A case of similar import is United States v. Walker, 176 F.2d 564 (2nd Cir. 1949), cert. denied, 338 U.S. 891, 70 S.Ct. 239, 94 L.Ed. 547, which involved a prosecution under the National Stolen Property Act, 18 U.S.C. *200§ 2314 [then § 415]. The defendant, who was already married, had married another woman from Houston who owned a large warehouse. He first persuaded her to mortgage and then to sell the warehouse, each time giving him the proceeds. On each occasion she gave him a check which he converted into cash, traveler’s checks and other checks. The essence of the two counts against him was that he transported the stolen property from Houston to New York in the form of traveler’s checks. One of his arguments on appeal was that he did not violate the statute because he did not transport either of the original checks handed him by his wife. Judge Learned Hand rejected the argument:

“We are by no means prepared to hold that, whenever any one fraudulently obtains the property of another, the proceeds are not also ‘taken feloniously by fraud’, into whatever form he may convert them.
* * * * * *
[I]t cannot be seriously argued that, if the accused defrauded his victim of bills of a large denomination and changed them into smaller bills, or vice versa, he would escape; and we recognize no distinction between such a case and the exchange of money from ordinary bank cheques into Travellers cheques.” 176 F.2d at 566.

For more recent application of the Walker decision, see United States v. Pomponio, 558 F.2d 1172 (4th Cir. 1977).

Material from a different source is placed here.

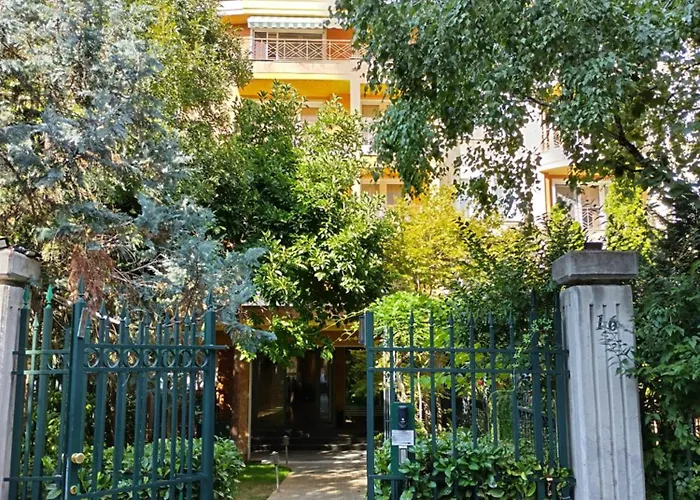 Aparthouse Borovo Near Bulgaria Mall, Free Street Parking Apartamento Sofía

Appellant would have us adopt an extremely restrictive interpretation of the requirement that the property received must be stolen. Such an interpretation would do violence to the purpose of the statute. If we adopted appellant’s view, it would require us to ignore the fact that the purpose of Kephart’s maneuvering was to obtain the cash which he laid on the table. The partners did not want the check because it was useless to them in that form. The felonious scheme was not completed until the cash was obtained from the bank. See United States v. Pomponio, supra. The cash which appellant later received was, therefore, the stolen property and the requirement of A.R.S. § 13-621 that the property received be actually stolen was met.

The judgment of conviction and the sentence thereon are affirmed.

HAIRE, P. J., and FROEB, C. J., concur.